O extrator de Mehlich 1 é composto de uma mistura de ácidos fortes em baixas concentrações (H2SO4 0,0125mol L-1 e HCl 0,05mol L-1), com pH entre 2 e 3. A extração do fósforo ocorre pela dissolução ácida dos compostos fosfatados de fraca energia, sendo maior para fosfatos de cálcio, seguida daqueles ligados ao alumínio e, por último, daqueles ligados ao ferro. O princípio do método é a dissolução ácida, porém um efeito secundário de troca iônica nos sítios de adsorção também ocorre, no caso, do íon sulfato pelo fosfato. Dentre as principais vantagens da utilização do método Mehlich 1, está sua facilidade de execução e baixo custo de análise. No entanto, deve ser observado que o extrator Mehlich 1 apresenta dois problemas na estimativa dos teores de P no solo. O primeiro se refere a uma exaustão da capacidade de extração com o aumento dos teores de argila e do grau de intemperização do solo (NOVAIS & SMYTH, 1999). Isto foi contornado pela CQFS-RS/SC (2004), que agrupou os solos em quatro classes texturais distintas e criaou uma quinta classe para solos cultivados alagados. Assim, para os mesmos teores de fósforo obtidos em solos argilosos e arenosos, resultam diferentes classes de disponibilidade. O segundo problema é a superestimativa da disponibilidade em solos previamente adubados com fosfatos naturais (GATIBONI et al., 2003).

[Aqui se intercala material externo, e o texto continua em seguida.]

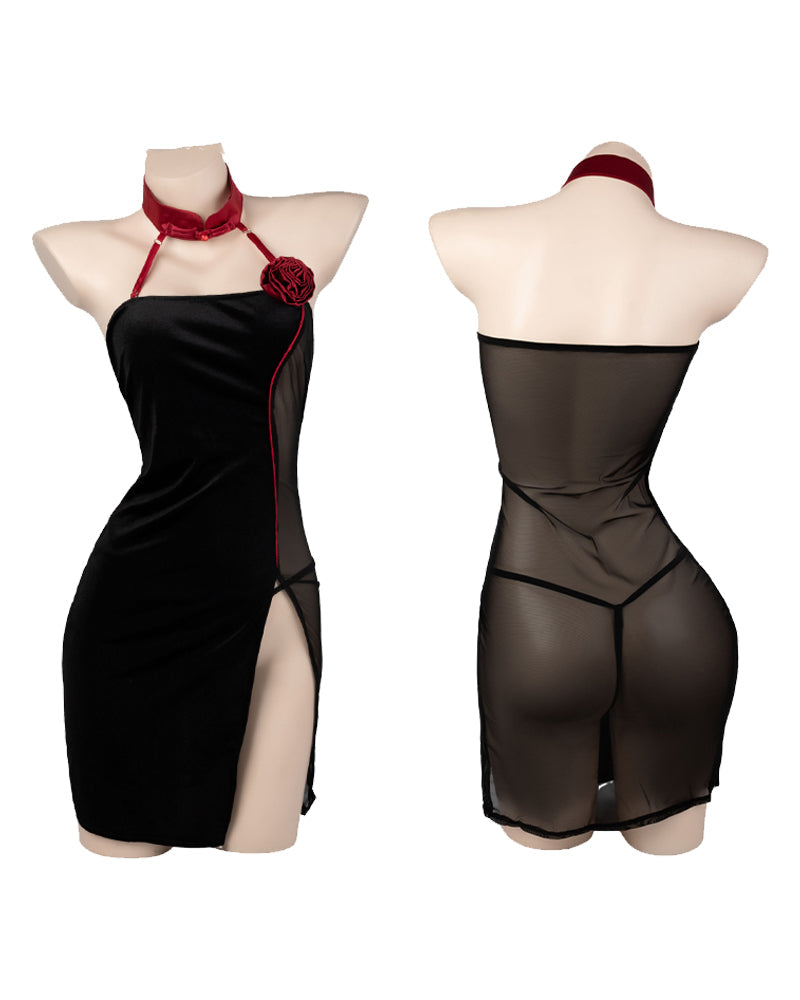 Halter Neck Button See-Through Cheongsam Avidlove-Chemises - Tophatter Daily Deals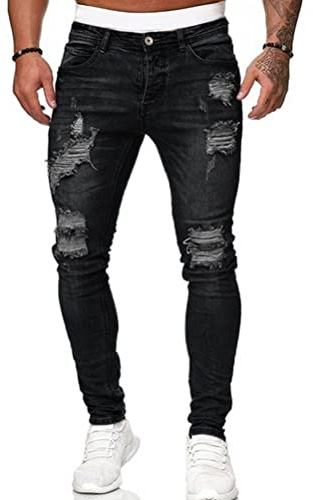 Oanviso Vaqueros Rasgados de Hombre Skinny Denim Jeans Hip Hop Slim Fit Pantalone Casuales Elasticos Agujero Pantalón Largo Hombre Vaqueros Ajustados A Negro M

No grupo dos agentes de troca iônica, a RTA e o papel impregnado com óxidos de ferro podem ser utilizados para extração do fósforo disponível no solo. No caso do papel impregnado com óxidos de ferro, o fósforo é forçado a sair da fase sólida e ser adsorvido no papel por diferença de concentração. Porém, problemas como a preparação do papel e a baixa quantidade de fósforo extraído são comuns nesta situação (SILVA & RAIJ, 1999). O método da RTA tem sido utilizado para extração de vários elementos químicos do solo. As resinas são materiais sintéticos de alta massa molecular constituídas de uma matriz polimérica com grupos funcionais responsáveis pela troca de íons. O princípio da extração do fósforo pela RTA é a sua remoção contínua da solução pela troca com o bicarbonato ou cloreto da resina, criando um gradiente de concentração que força a saída da superfície dos colóides, até que seja alcançado um equilíbrio eletroquímico entre o solo e a RTA. SILVA & RAIJ (1999) consideram que o uso da RTA como extrator de fósforo é adequado para a estimativa do fator quantidade e é melhor que outros extratores porque o processo de extração assemelha-se à ação das raízes das plantas. Além disso, não ocorre perda de força de extração do P em solos com alto teor de argila, e o uso da RTA não provoca dissolução química de constituintes do solo e evita a superestimação do P disponível em solos que receberam adubação com fosfatos naturais. Porém, RHEINHEIMER et al. (2003b) verificaram que a RTA extraía mais fósforo do que o Mehlich 1 em solos com altos teores de argila e menos naqueles de texturas leves, portanto o método é sensível à textura do solo. Nesse sentido, SCHLINDWEIN (2003) apresentou uma proposta de enquadramento dos teores de fósforo extraído tanto pela RTA como pelo Mehlich 1 em três classes texturais (Figura 1). Em solos com adição de fosfatos naturais, embora a RTA extraia menos fósforo que o Mehlich 1, ela também superestima o fósforo disponível, apresentando baixas correlações com a absorção das plantas (KROTH, 1998). Em virtude do comportamento dos diferentes extratores sobre as formas lábeis de fósforo do solo e da variabilidade de solos que os métodos necessitam atender, a sua eficácia para todas as situações é muito mais dependente dos cuidados na calibração para predição da disponibilidade do que da sua capacidade de extração.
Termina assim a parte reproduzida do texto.